## WHAT TO DO
Copy out each line from the start of the material below until the line with "Casa 5.5 stanze - Foto 6 di 10", that line included.

## AVAILABLE DATA
***

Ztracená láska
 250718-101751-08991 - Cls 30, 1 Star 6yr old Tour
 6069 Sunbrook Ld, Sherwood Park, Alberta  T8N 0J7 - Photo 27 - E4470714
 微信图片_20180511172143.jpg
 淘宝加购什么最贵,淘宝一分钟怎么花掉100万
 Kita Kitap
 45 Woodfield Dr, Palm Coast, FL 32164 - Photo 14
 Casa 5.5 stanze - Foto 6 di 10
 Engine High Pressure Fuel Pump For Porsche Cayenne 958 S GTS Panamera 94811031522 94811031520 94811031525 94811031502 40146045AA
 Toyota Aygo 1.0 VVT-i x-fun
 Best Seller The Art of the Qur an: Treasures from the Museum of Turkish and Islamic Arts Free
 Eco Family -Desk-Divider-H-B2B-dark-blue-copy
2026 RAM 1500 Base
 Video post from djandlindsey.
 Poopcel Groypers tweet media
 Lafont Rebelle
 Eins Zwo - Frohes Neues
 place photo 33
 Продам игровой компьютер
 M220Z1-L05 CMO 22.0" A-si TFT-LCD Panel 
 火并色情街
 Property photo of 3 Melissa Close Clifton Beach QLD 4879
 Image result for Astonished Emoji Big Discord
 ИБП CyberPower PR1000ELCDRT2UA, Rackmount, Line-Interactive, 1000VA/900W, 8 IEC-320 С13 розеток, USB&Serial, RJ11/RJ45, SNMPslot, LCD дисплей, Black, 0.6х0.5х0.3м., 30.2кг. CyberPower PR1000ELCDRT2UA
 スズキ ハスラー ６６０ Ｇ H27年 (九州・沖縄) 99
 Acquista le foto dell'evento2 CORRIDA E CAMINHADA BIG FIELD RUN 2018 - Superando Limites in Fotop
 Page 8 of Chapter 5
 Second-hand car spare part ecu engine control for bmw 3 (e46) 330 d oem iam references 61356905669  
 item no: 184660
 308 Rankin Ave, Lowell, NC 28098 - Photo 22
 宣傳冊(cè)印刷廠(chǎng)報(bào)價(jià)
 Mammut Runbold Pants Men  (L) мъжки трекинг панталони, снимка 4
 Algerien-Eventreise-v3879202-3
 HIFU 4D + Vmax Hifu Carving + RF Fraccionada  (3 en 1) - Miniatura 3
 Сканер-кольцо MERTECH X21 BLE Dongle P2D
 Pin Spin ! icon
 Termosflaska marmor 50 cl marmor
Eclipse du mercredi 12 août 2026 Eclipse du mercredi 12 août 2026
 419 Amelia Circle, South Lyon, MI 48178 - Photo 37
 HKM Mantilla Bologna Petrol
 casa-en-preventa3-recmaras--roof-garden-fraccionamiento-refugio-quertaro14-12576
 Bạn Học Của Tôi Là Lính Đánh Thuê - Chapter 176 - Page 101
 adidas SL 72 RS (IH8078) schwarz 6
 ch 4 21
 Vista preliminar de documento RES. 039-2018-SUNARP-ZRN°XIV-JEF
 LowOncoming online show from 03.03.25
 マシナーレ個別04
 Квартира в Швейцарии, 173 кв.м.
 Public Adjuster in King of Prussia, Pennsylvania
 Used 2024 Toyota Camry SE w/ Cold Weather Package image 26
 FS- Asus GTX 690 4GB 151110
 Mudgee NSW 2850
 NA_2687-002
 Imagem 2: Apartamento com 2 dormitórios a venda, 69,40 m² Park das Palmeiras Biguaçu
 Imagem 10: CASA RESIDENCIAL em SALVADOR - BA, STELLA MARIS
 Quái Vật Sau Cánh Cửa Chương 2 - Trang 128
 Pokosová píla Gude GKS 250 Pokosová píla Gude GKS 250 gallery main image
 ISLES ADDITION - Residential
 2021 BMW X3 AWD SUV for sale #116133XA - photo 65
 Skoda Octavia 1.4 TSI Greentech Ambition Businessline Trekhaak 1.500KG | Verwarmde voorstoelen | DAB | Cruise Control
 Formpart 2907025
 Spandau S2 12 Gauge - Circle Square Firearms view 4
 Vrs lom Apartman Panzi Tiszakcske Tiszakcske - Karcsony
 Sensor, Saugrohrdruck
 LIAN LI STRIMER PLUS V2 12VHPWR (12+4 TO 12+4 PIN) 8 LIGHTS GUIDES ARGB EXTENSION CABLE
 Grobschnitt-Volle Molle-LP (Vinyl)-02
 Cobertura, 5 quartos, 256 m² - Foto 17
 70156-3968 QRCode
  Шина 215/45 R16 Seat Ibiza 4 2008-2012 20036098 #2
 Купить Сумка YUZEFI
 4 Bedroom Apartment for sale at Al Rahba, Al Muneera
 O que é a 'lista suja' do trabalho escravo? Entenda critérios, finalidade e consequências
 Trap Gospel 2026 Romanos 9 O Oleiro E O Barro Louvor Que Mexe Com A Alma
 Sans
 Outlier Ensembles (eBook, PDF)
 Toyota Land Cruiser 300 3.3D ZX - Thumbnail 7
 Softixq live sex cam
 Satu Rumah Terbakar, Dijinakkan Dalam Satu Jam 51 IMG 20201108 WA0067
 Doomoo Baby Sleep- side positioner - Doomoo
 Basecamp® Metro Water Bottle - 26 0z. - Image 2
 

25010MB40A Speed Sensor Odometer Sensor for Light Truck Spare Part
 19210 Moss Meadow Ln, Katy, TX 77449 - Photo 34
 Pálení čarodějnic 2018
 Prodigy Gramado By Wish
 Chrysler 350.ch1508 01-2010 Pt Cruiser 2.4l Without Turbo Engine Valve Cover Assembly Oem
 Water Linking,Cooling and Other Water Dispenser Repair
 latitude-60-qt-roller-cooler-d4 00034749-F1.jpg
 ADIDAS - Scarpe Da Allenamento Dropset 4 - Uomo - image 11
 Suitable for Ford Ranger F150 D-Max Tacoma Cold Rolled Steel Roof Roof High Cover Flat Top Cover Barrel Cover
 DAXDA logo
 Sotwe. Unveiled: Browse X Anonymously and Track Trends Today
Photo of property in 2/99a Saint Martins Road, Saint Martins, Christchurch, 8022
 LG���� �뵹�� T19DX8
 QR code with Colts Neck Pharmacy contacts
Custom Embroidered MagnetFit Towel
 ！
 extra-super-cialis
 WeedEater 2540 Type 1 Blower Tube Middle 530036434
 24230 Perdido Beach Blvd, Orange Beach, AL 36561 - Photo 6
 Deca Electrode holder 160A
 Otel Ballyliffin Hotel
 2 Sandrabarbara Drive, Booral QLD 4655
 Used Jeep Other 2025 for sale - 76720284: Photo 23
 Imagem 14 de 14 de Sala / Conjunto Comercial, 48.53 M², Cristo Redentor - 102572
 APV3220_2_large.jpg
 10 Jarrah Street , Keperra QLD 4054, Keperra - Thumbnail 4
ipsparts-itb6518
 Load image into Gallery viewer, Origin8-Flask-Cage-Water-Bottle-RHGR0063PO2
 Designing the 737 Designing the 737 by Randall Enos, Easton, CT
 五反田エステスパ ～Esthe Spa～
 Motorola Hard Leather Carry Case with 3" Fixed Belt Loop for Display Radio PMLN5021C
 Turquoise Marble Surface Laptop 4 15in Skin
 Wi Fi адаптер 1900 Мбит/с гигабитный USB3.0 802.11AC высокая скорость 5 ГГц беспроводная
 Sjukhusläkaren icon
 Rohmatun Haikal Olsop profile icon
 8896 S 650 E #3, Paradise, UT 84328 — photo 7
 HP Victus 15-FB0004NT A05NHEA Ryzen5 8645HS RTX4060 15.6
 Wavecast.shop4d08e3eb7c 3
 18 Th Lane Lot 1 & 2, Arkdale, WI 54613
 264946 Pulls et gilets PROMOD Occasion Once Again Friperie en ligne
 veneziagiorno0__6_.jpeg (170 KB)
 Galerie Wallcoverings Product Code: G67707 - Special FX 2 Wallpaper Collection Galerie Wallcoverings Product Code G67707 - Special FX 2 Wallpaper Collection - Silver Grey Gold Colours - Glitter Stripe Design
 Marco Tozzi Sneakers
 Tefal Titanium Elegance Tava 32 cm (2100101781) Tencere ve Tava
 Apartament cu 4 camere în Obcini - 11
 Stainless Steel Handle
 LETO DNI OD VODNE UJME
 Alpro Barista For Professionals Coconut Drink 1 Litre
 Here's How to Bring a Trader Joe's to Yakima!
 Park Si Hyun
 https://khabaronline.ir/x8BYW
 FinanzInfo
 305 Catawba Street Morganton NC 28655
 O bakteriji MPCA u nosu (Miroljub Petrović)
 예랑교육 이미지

***

## SOLUTION
Ztracená láska
 250718-101751-08991 - Cls 30, 1 Star 6yr old Tour
 6069 Sunbrook Ld, Sherwood Park, Alberta  T8N 0J7 - Photo 27 - E4470714
 微信图片_20180511172143.jpg
 淘宝加购什么最贵,淘宝一分钟怎么花掉100万
 Kita Kitap
 45 Woodfield Dr, Palm Coast, FL 32164 - Photo 14
 Casa 5.5 stanze - Foto 6 di 10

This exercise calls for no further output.